One thing that terribly impressed me was how this story is told. In some ways, I was reminded of Angela’s Ashes by Frank McCourt, because of the way the child’s point of view is always maintained and not influenced by adult remembrances. During Never Fall Down, one is always in the moment with Arn. Nothing is softened because of the passage of time; no wisdom is shared from the future Arn who knows how things will work out. And, only the details that matter to Arn are told. For example, the last couple of chapters are about teen-aged Arn finding a home in the United States. As an adult reader I had so many questions — but McCormick doesn’t answer them, instead keeping the story strictly to how Arn sees things and what matters to him.

I confess, even though this book was recommended to me by several people, I avoided reading it until it got the National Book Award Finalist nod. I knew Never Fall Down would be an emotional read, and I wasn’t ready for it. I am around Arn’s age; I remember reading about this in the news and magazines but I don’t remember any books for children about it. I am so thankful it was named a finalist, giving me the push I needed to read it. Yes, it is heartbreaking. Yes, it relates some terrible things. Yes, the way people treat others is distressing. Death and bodies and killings.
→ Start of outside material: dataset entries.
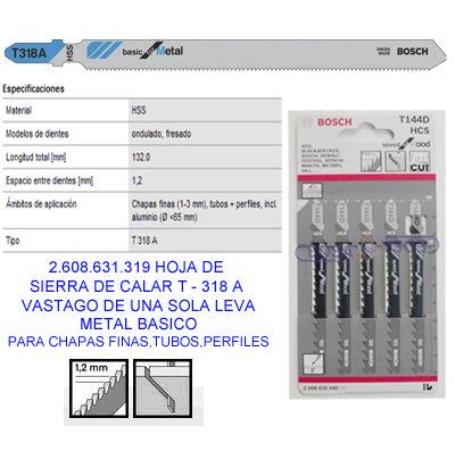 BOSCH HOJA SIERRA CALAR T318A 5X132 L HSS METAL 3 U 2608638698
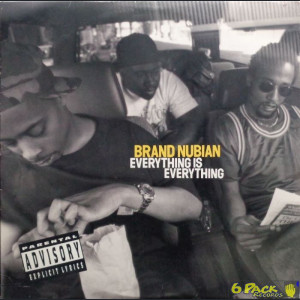 BRAND NUBIAN - EVERYTHING IS EVERYTHING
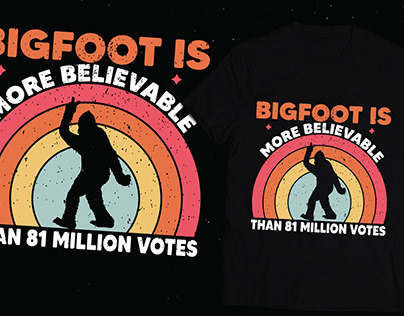 BIGFOOT IS MORE BELIEVABLE THAN 81 MILLON VOTES T-SHIRT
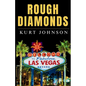 Rough Diamonds - Paperback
Arn survives; Arn triumphs; but it’s not in expected ways. I can see why this is a finalist. In one word: Arn, because Never Fall Down gives Arn a voice, and it’s a spellbinding voice that cannot be ignored. I’m also adding it to my Favorite Books Read in 2012.

Reviews and links: Reading Rants review (which includes link to an interview with McCormick and Chorn-Pond, including Chorn-Pond playing Cambodian music); The New York Times Review; NPR Author interview; TeenReads review.

Review: For Darkness Shows the Stars

For Darkness Shows the Stars by Diana Peterfreund. Balzer & Bray, an imprint of HarperCollins. 2012. Review copy from publisher.

The Plot: Elliot North, 18, has spent the last four years trying to keep her family’s estate running. It means not just making sure there is enough for herself, her father, Baron North, and her sister; but also enough to feed and shelter their many servants. The main reason this year there will be enough food is the family is renting out some property to a bunch of successful explorers.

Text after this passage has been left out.